Character size unit and length semantics

When programming an application for a occidental language such as English, a single-byte character set can be used, and the logical size, storage size and print width of characters is the same. For example, in ISO-8859-1, the ê character takes one logical position, has a storage size of one byte and a print width of one.

When programming an international application using multiple languages and a multibyte character set encoding, you must distinguish three size units:

  1. The size in character unit, to count or position logical characters used in a string. For example, the strings abc and åôë have both a length of 3, in character units.
  2. The size in byte unit, used to encode the character in a given character set. For example, a Latin ê acute character will use a unique byte in the ISO-8859-1 character set, but needs two bytes in UTF-8.
  3. The size in width unit, used in formatting and alignments. The width is the length of the glyph/font of characters, especially in a fixed font. This concept is also known as "fullwidth" versus "halfwidth" characters.
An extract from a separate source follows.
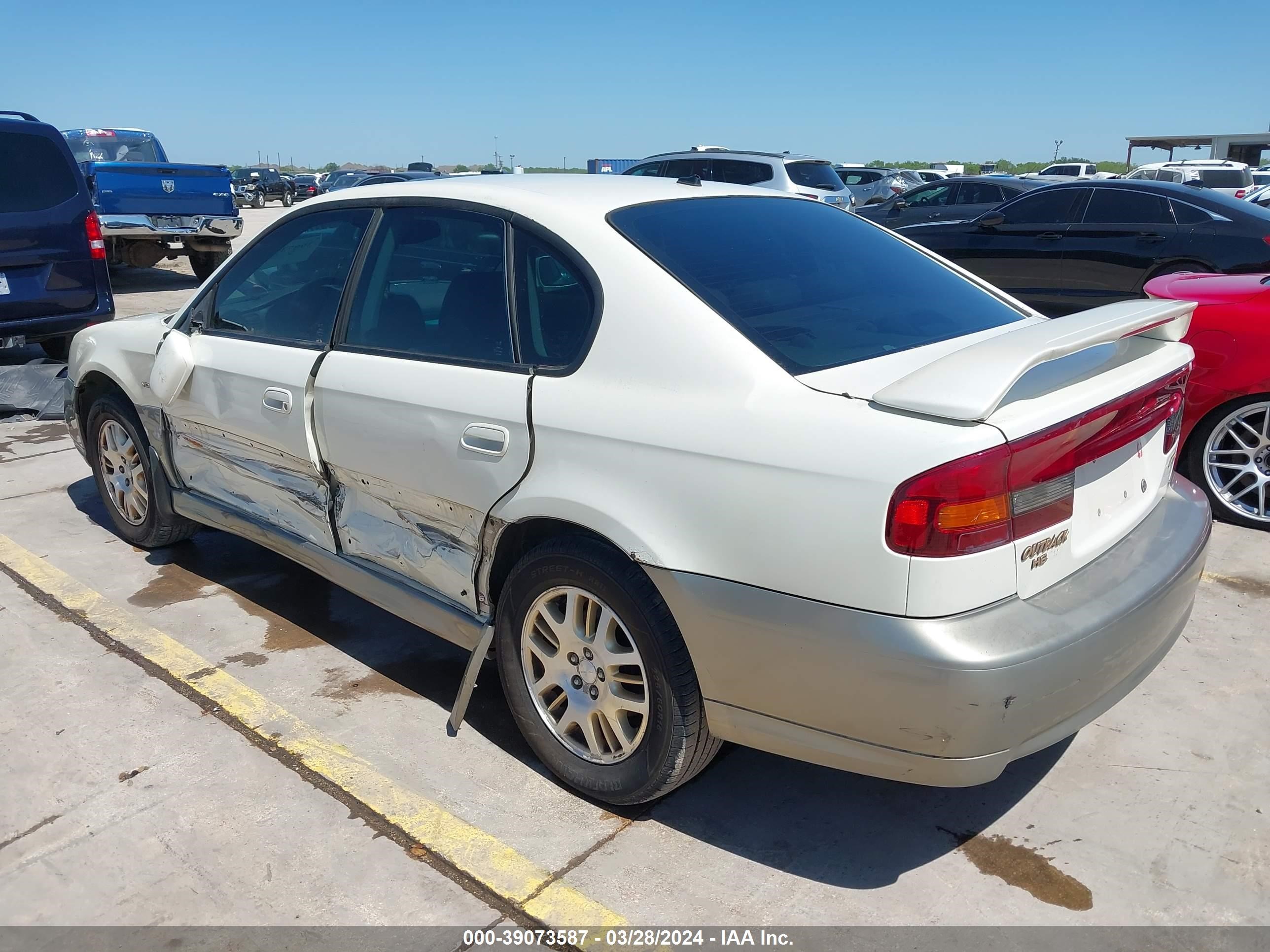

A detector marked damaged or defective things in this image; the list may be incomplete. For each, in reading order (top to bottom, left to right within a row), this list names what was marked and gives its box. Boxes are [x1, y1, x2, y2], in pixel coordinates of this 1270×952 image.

dented door panel [323, 351, 536, 611]
damaged white sedan [67, 173, 1207, 804]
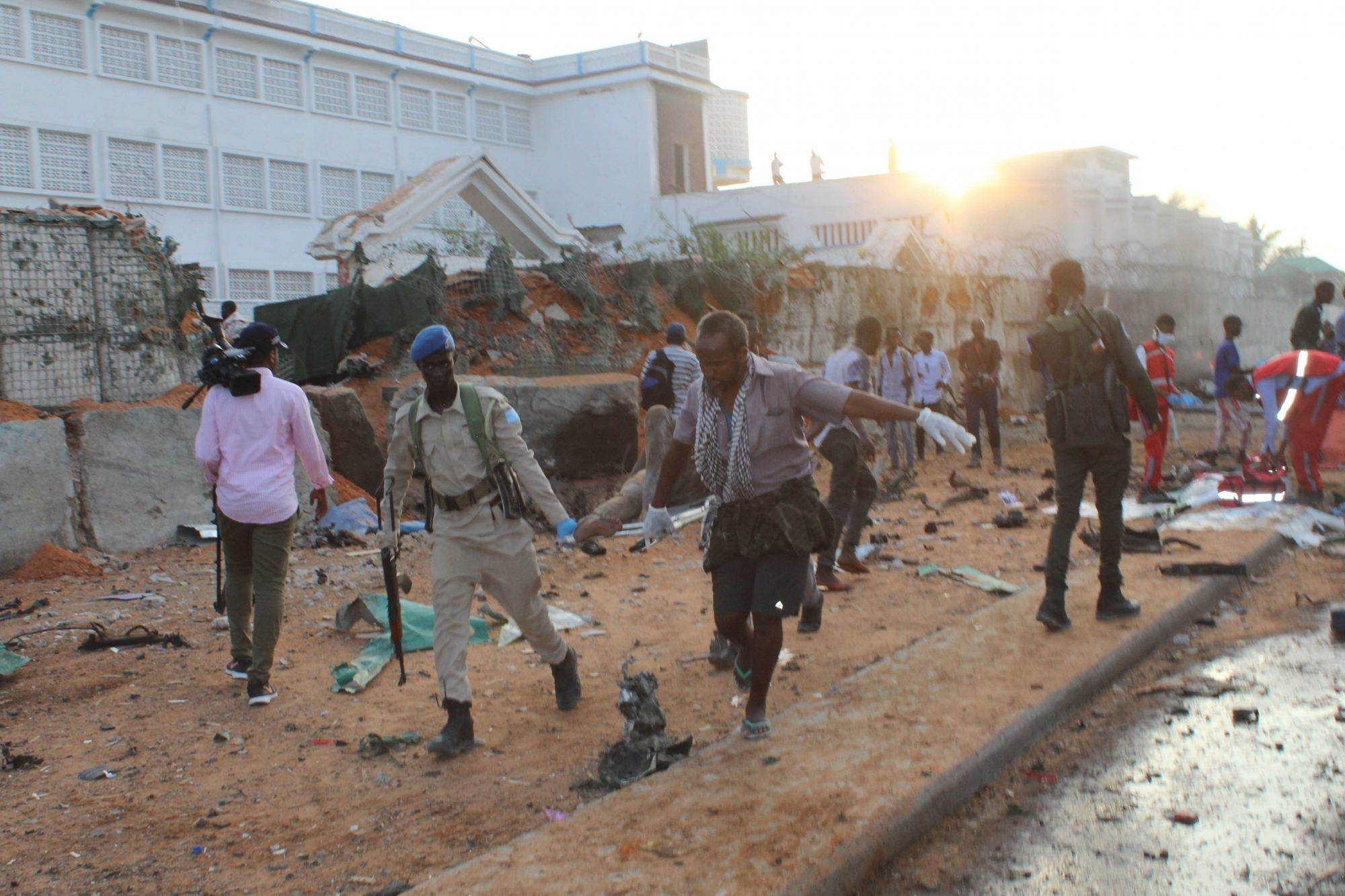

For example, the width of a Chinese logogram is twice the width of Latin characters such as A,B,C.

Working with byte units in a multibyte character set can be difficult: You need to calculate sizes, lengths and substring offsets in a number of bytes, when the natural way is to count in characters.

Length semantics define the unit to be used for character data type definition, character string lengths and positions.

With Byte Length Semantics, a length is expressed in bytes, while Character Length Semantics counts in characters.